- Developer: Gameloft Montreal
- Publishers: Android, iOS, Windows Phone, Windows 10 Gameloft PlayStation 4, PlayStation Vita Laplace
- Series: Dungeon Hunter
- Platforms: iOS, Android, Windows Phone, Windows 10, PlayStation 4, PlayStation Vita
- Release: Android, iOS, Windows Phone, Windows 10WW: March 11, 2015; PlayStation 4, PlayStation VitaJP: July 13, 2018;
- Genres: Action role-playing, hack and slash
- Mode: online multiplayer

= Dungeon Hunter 5 =

2015 video game

Dungeon Hunter 5 is a 2015 hack and slash role-playing game developed by Gameloft Montreal and published by Gameloft. It was released on March 11, 2015, for iOS, Android, Windows Phone and Windows 10 devices. The game serves as a direct sequel to Dungeon Hunter 4 which ended amidst the dying Valenthia city state. Dungeon Hunter 5 is an online game that requires an internet connection in order to play.

==Gameplay==
The basic gameplay of Dungeon Hunter 5 shares some similarities to its predecessor, Dungeon Hunter 4, such as picking up loot, using skill attacks and using potions. However, unlike its predecessor, the game is not an open-world nor exploration, but rather a level-based dungeons that have a series of difficulties. As players progress, they will encounter progressively enemies to test their skills. Dungeon Hunter 5 does not contain a class system; instead players choose a starter type of weapon in the beginning in the game. The player character can also add friends though they can no longer co-op in missions. There is also an energy system which restricts the players from performing too many dungeons.
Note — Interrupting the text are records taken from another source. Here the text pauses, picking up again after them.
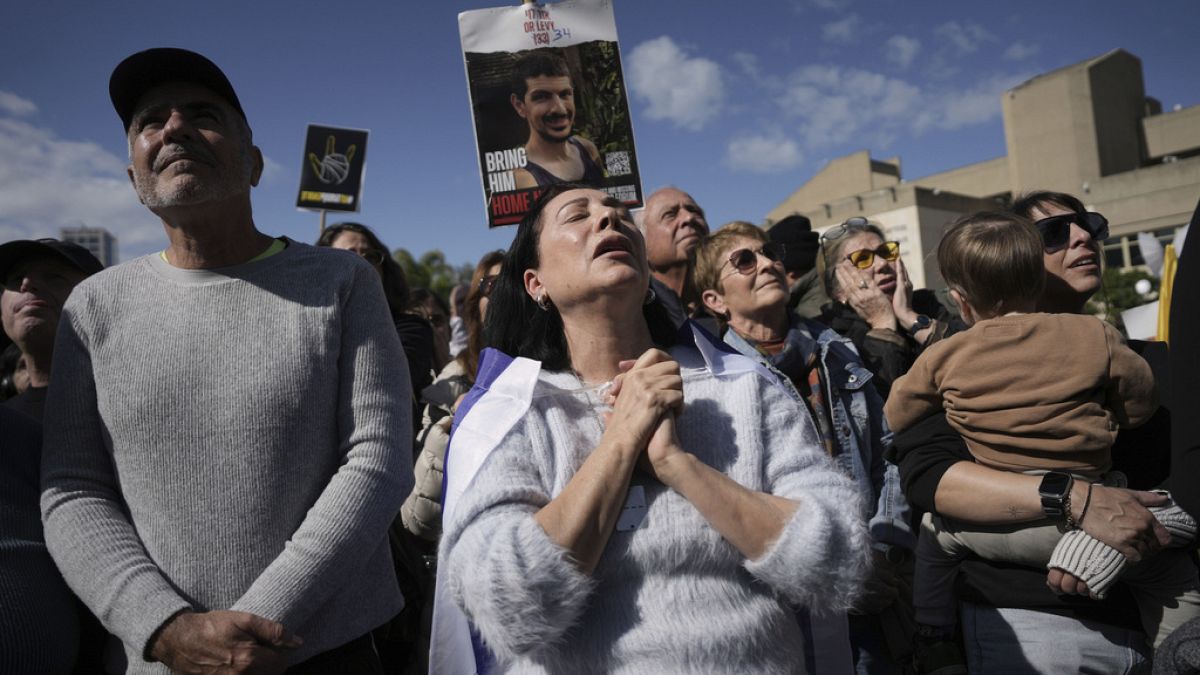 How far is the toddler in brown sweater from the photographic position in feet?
7.75

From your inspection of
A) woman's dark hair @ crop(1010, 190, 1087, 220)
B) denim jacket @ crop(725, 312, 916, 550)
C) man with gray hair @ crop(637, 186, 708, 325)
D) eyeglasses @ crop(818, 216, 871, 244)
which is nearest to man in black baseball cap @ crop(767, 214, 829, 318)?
eyeglasses @ crop(818, 216, 871, 244)

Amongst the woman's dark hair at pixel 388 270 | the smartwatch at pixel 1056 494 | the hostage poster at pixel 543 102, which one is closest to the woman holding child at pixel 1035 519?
the smartwatch at pixel 1056 494

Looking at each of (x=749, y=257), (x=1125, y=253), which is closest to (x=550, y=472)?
(x=749, y=257)

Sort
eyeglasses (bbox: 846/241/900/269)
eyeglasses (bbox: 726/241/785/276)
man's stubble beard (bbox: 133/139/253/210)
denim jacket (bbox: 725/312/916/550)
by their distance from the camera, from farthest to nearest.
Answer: eyeglasses (bbox: 846/241/900/269)
eyeglasses (bbox: 726/241/785/276)
denim jacket (bbox: 725/312/916/550)
man's stubble beard (bbox: 133/139/253/210)

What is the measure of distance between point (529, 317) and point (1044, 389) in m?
1.56

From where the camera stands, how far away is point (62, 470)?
6.95 feet

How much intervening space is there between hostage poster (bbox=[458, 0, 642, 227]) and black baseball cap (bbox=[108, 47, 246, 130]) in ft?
6.42

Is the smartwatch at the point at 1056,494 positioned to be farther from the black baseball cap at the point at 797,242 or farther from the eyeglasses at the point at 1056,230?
the black baseball cap at the point at 797,242

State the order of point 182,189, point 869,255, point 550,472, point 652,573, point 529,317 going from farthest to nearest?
point 869,255 → point 529,317 → point 182,189 → point 550,472 → point 652,573

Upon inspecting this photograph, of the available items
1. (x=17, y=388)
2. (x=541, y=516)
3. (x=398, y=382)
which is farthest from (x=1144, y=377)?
(x=17, y=388)

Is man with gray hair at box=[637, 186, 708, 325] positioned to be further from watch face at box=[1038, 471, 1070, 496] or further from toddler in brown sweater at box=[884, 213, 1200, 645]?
watch face at box=[1038, 471, 1070, 496]

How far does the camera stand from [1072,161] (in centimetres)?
4819

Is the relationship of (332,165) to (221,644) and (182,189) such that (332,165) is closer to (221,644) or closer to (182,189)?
(182,189)

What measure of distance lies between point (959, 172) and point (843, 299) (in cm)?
5663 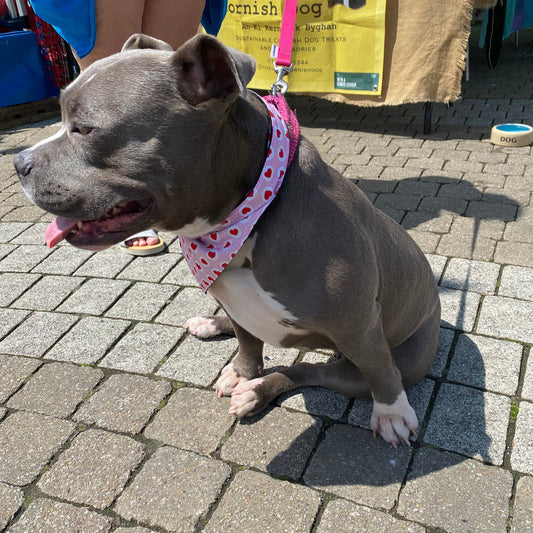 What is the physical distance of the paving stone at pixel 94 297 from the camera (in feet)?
12.2

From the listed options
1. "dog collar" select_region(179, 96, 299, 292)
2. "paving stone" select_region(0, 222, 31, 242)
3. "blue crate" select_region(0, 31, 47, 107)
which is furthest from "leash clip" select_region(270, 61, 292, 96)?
"blue crate" select_region(0, 31, 47, 107)

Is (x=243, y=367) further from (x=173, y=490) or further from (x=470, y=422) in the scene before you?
(x=470, y=422)

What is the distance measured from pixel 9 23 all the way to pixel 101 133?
7408 mm

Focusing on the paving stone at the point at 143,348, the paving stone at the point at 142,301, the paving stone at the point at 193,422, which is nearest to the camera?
the paving stone at the point at 193,422

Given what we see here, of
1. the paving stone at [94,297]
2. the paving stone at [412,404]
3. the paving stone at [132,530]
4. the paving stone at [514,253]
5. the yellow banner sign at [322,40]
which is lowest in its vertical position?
the paving stone at [94,297]

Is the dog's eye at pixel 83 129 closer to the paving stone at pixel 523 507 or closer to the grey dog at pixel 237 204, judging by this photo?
the grey dog at pixel 237 204

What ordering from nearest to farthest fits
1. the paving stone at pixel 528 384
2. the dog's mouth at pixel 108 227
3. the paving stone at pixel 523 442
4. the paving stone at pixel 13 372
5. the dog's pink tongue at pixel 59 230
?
1. the dog's mouth at pixel 108 227
2. the dog's pink tongue at pixel 59 230
3. the paving stone at pixel 523 442
4. the paving stone at pixel 528 384
5. the paving stone at pixel 13 372

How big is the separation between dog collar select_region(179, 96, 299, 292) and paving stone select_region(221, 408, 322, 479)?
31.8 inches

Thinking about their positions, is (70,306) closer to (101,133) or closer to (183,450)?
(183,450)

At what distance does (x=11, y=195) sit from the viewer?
18.7 feet

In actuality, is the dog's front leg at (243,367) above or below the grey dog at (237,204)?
below

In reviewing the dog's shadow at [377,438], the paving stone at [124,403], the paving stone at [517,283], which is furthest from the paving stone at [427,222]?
the paving stone at [124,403]

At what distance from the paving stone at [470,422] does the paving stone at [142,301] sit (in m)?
1.82

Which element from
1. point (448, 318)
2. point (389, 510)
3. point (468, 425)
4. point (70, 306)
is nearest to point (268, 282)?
point (389, 510) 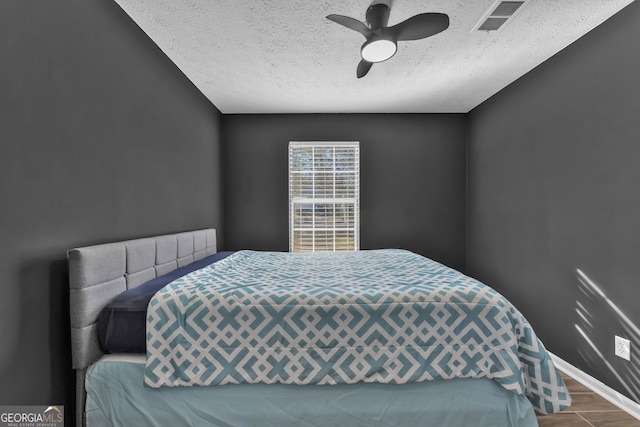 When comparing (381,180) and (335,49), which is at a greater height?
(335,49)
Aside from these main features, there is also a new mode called Stronghold in which player characters can collect minions to place them inside the stronghold. A new type of currency called quartz can be used for fusing minions. If a player fights and raids another player, their shield will switch off, thus making them vulnerable to attacks from other players. This has a level up ranks which forces the players to fight even more powerful players across their strongholds. There is also a trophy system in which players can gain trophies by winning, but it can decrease if they lose the raid attempt.

The loot system has also been expanded, not just the melee weapons, ranged weapons and armor body parts, but also the evolution items, skill weapons, backpacks and belts. A new fusion system has also been implemented in which players can pick an item and fuse it with unequipped or unwanted ones. Prior to the loot and fusion system, there is an evolution system where the item's level is maxed out, the player can use evolution materials to evolve them.

==Setting==
Dungeon Hunter 5 is primarily set in the shattered world called Valenthia, the same as were the previous game was set. The city overall is more detailed and has much better shadows than its predecessor.

==Rail accident==
During the prosecution of dispatcher that caused the Bad Aibling rail accident, where 12 people died and 89 were injured, he admitted playing Dungeon Hunter 5 on his smartphone during work.